Court Opinion

ID: 6583691
Source: CourtListenerOpinion
Date Created: 2022-07-20 19:40:35.746713+00
Date Added: 2024-06-11T15:57:23.070977
License: Public Domain

The opinion of the court was delivered by
MUNSON, J.
By the will of Edmund Hodges, who died in 1864, the irse of all his property remaining after the payment of certain bequests, was given to his wife, Polly Hodges, during her life, and provision was made that at her decease such remainder should be divided in certain proportions among the testator’s children. Smith.Hodges, a son of the testator, was named executor, and upon the probate of the will received letters testamentary, and entered upon the settlement of the estate. In 1867, he rendered an account of his administration, and a balance of about $3,600 was found, in his hands. The Probate Court thereupon made a decree that the executor pay the income of this sum to Polly Hodges during her life, and that at her decease such sum be distributed to certain persons named in the decree. No further proceedings relating to this fund were had in the Probate Court in the lifetime of Mrs. Hodges. She died in 1888, and this proceeding is prosecuted by her administrator to compel an accounting as to the disbursement of the income.
It is first objected that the decree made in 1867 was a complete and final one, and that nothing is left for the further action of the Probate Court. If the scope of the petition were such as to call in question the proceedings of that court, it might be necessary to inquire into the validity of so much of its decree as was designed to fix the distribution of the principal sum in advance of the time when an actual distribution could be had. But this part of the decree, if treated as valid, does not bar the action which the petition calls for. The petition touches merely the earnings of the fund while the petitionee held it in trust. The distribution of the fund in pursuance of the decree did not discharge the executor from his obligation to account to the Probate Court for the use of it. Nor is he excused from accounting for the income *665by the direction contained in the decree as to its payment. lie is still liable to such an accounting as will determine whether the income has been paid as directed, and furnish the basis for a further decree concerning such part of it as may still remain in his hands. An order to pay over an income which is subsequently to accrue, does not exhaust the jurisdiction of the Probate Court, nor complete the liability of the person charged with the trust. It remains for that court to determine, at the proper time, what the income has been or should have been, the expenses properly chargeable upon it, and the balance for which the trustee is accountable. No remedy can be had in the common law tribunal until this action has been taken. Foss v. Sowles, 62 Vt. 221.
It is further objected that Smith Hodges did not receive from the Probate Court an appointment as trustee, and cannot be held to stand in that relation to the fund or its beneficiary. We are unable to discover any ground upon which this claim can be sustained. It is certain that Smith Hodges, by virtue of his appointment as executor, held a certain part of this estate for future distribution, the- income of which was, by the terms of the will and tlie order of the court, to be paid to Polly Hodges during her life. Nothing more could be needed to determine the character of the relation he sustained to Mrs. Hodges, and his liability to account to the Probate Court for the income of the fund. After the ascertainment of .the amount of the residuum, and the decree leaving it in the hands of. the executor to be applied to the use of the widow in accordance with the provisions of the will, the executor was under the obligations of a trustee as completely as if so named in the will and appointed by the court. Clark v. Powell, 62 Vt. 442.

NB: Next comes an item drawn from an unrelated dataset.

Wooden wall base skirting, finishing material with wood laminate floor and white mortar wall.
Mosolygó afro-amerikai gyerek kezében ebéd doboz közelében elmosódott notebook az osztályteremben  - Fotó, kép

Put the final and main reliance of the petitionee is upon a contract executed by Polly Hodges in 1885, by which she acknowledged having received from the petitionee all sums due her on account of the estate up to that time, and transferred to him all her rights under the will, in consideration of his agreement to *666support her during the remainder of her life. It is insisted that this contract was freely and understandingly entered into by Mrs. Hodges, and is of binding force, notwithstanding the fiduciary relation between the parties. But we find nothing in the report of the commissioner to satisfy the rigid tests which it is the duty of the court to apply to'a transaction of this character.
The findings that the beneficiary was of sound mind, and fully understood the nature and effect of the contract, will not avail the petitionee, in the absence of anything to show that she had an adequate knowledge of the matters covered by the contract. The petitionee’s failure to procure this further finding is fatal to his defense. This contract was entered into after eighteen years had passed without any accounting to the Probate Court or the beneficiary. It does not appear that in connection with the making of the contract there was any actual presentation and settlement of an account, nor that the trustee put the beneficiary in possession of any facts in relation to the amounts received or expended on her behalf, or the then condition of the fund. It is only when it is made to appear to the entire satisfaction of the court that the beneficiary had full knowledge of all the facts bearing upon the settlement, and acted therein advisedly and without undue influence, that a contract of this character between trustee and beneficiary will be sustained. Upon the facts appearing the contract relied upon did not excuse the trustee from rendering an account of his trust to the Probate Court. Wade v. Pulsifer, 54 Vt. 45.
Judgment reversed, and cause rema/nded to the County Court to be proceeded with.